Debbie was a very stubborn and completely independent person, and was always doing things her way despite her parents' efforts to get her to conform. Her father was an executive in a dress manufacturing company, and was able to afford his family all the luxuries and comforts of life. But Debbie was completely indifferent to her family's affluence.

Compare that with:

Debbie would wear a tank top to a tea party if she pleased, with fluorescent earrings and ankle-strap sandals.

"Oh, sweetheart," Mrs. Chiddister would stand in the doorway wringing her hands. "It's not nice."

"Not who?" Debbie would say, and add a fringed belt.

Mr. Chiddister was Artistic Director of the Boston branch of Cardin, and had a high respect for what he called "elegant textures," which ranged from handwoven tweed to gold filigree, and which he willingly offered his daughter. Debbie preferred her laminated wrist bangles.

As Burroway points out, there are too many questions in the first example. “What constitutes stubbornness? Independence? Indifference? Affluence?”

Further, since the judgments are supported by generalizations, we have no sense of the individuality of the characters, which alone would bring them to life on the page.
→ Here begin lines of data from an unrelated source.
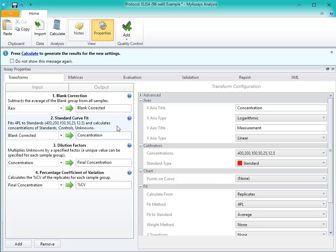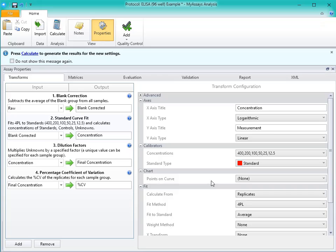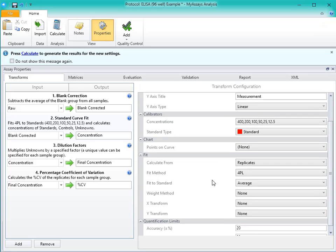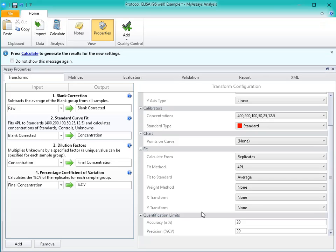You can define various settings in the Standard Curve Fit Transform, like the axes, titles, and types, the standard sample type and concentrations, what points to include on the curve, whether to calculate from replicates or average, the fit method, weighting models, X and Y transforms, and your accuracy and precision quantification limits.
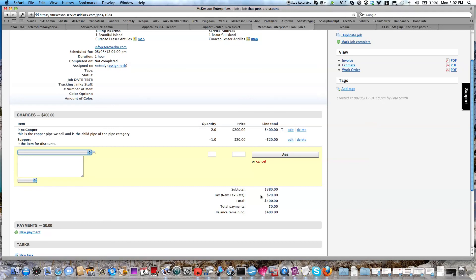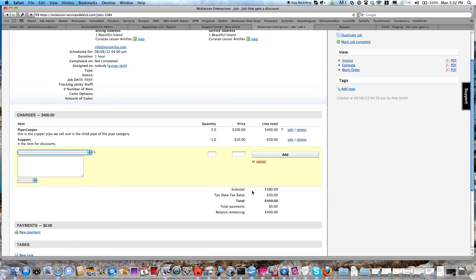And that's how you create discounts in Service Sidekick. Remember also, this remaining balance or this total here has to be a positive number. You cannot sync negative numbers to QuickBooks. You have to do those credits directly in your QuickBooks. I hope that helps. Thank you.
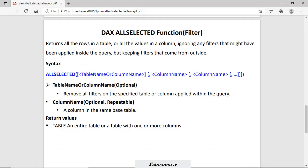Next is ALLSELECTED. The ALLSELECTED function returns all rows in a table but ignores all filters applied in the query, and applies a new filter dynamically at runtime from the outside. The syntax is ALLSELECTED, then table name or column name — the parameter is optional as indicated by square brackets — then additional optional repeatable column names. The return type is a table.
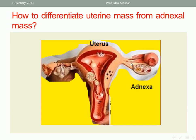There are many differential diagnoses for uterine mass — on top of them is pregnancy, then leiomyoma, adenomyosis, polyps, endometrial carcinoma, uterine sarcoma, and others. How to differentiate uterine mass from adnexal mass? Let us differentiate from history, from abdominal examination, and from bimanual pelvic examination.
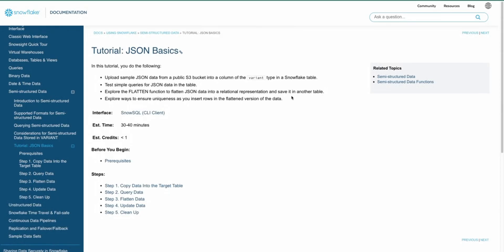Greetings, everyone. Fruit here. Welcome to the Demo Hub. In today's demo, we're going to talk about JSON.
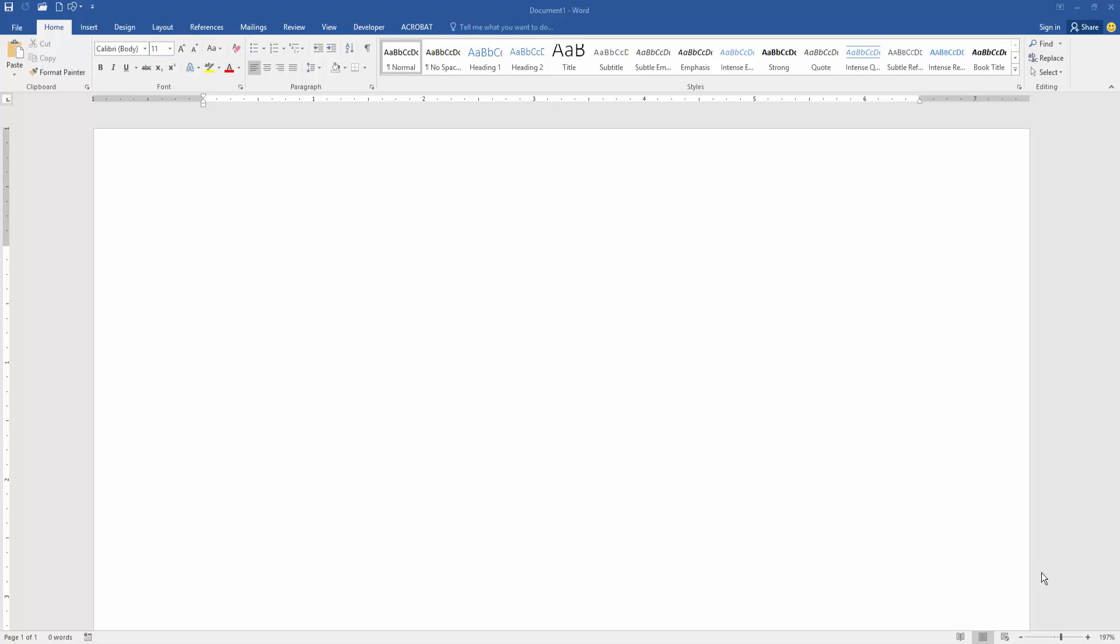Assalamualaikum, hello friends, how are you? Welcome back to my new video. In this video I am going to show you how to attach a PDF file in Microsoft Word document. Let's get started.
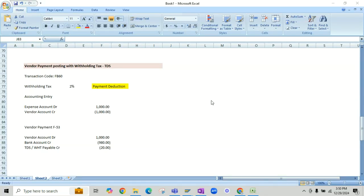Hello and welcome back. In this video I will demonstrate how to post vendor payments by considering withholding tax. In earlier examples we detected withholding tax or TDS at the time of invoice posting. In a SAP system we have two instances where we can detect withholding taxes: one is at the time of invoice posting and one is at the time of payment posting. This case will be considering vendor payment posting with TDS, with a withholding tax rate of two percent.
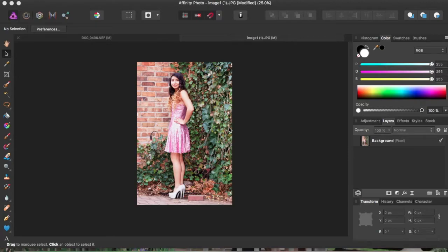In this video, I want to show you guys how to use the clone tool in Affinity Photo.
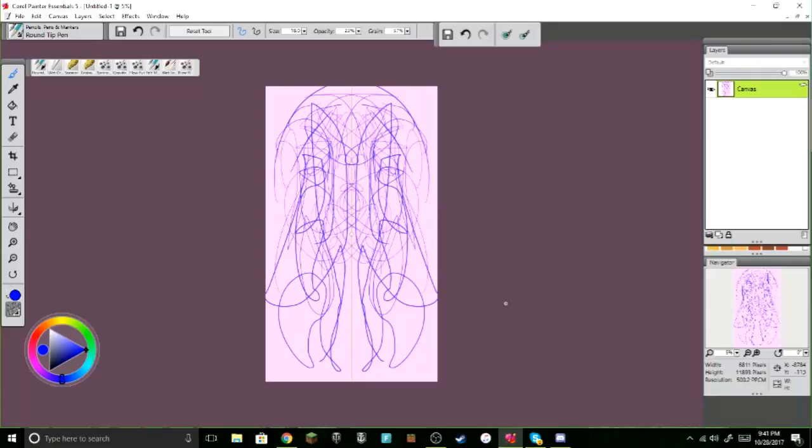But yeah, I'm just gonna do drawing crap because I like drawing and drawing is awesome.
What things was she always doing? What efforts did her parents make to get her to conform? What level of executive? What dress manufacturing company? What luxuries and comforts?

Reading Assignment

To be a writer is to do two things:

  1. Write a lot.
  2. Read a lot.

In my first lesson, you only had to read my notes on the craft. Going forward, I’m going to have you read a story as part of each lesson. And I’m going to ask you to look at each story as a writer, and not just as a reader.

What that mean? I hear you asking.

At the risk of quoting from Burroway too much, I’ll give you one more gem that I live by:

Read 'the way a young architect looks at a building, or a medical student watches an operation, both devotedly, hoping to learn from a master, and critically alert for any possible mistake.'

When you read as a writer, you’re reading to understand how the story was made. What happens on the page to make you feel the way you do when you read a certain section? And how can you apply that to your own writing?

To ease you into this, I’m going to let you watch/listen to this week’s story (instead of reading it). It’s a piece by the author Monica Byrne, the first piece of hers I recall encountering, and it was presented at the TED conference in 2016.

I want you to watch this once as a reader/viewer, for the sheer enjoyment of it. Then, I want you to re-watch it and take notes on the details Byrne chooses to tell her story with. How are they significant? How are they concrete? And does she do anything with details that flat-out knocks your socks off?

Writing Assignment

Okay, since I’ve already made this Burroway Appreciation Week, let’s close with an exercise from Writing Fiction:

One way to test your skill in the use of concrete, significant detail is to create a reality that is convincing—and yet literally impossible. To begin, draft a three-to-five page story in which a single impossible event happens in the everyday world. (For example, a dog tells fortunes, a secret message appears on a pizza, the radio announcer speaks in an ex-husband’s voice—supermarket tabloids can be a good source of ideas.) First, focus on using detail to create the reality of both the normal world and the impossible event—the more believable the reality is, the more seamlessly readers will accept the magic.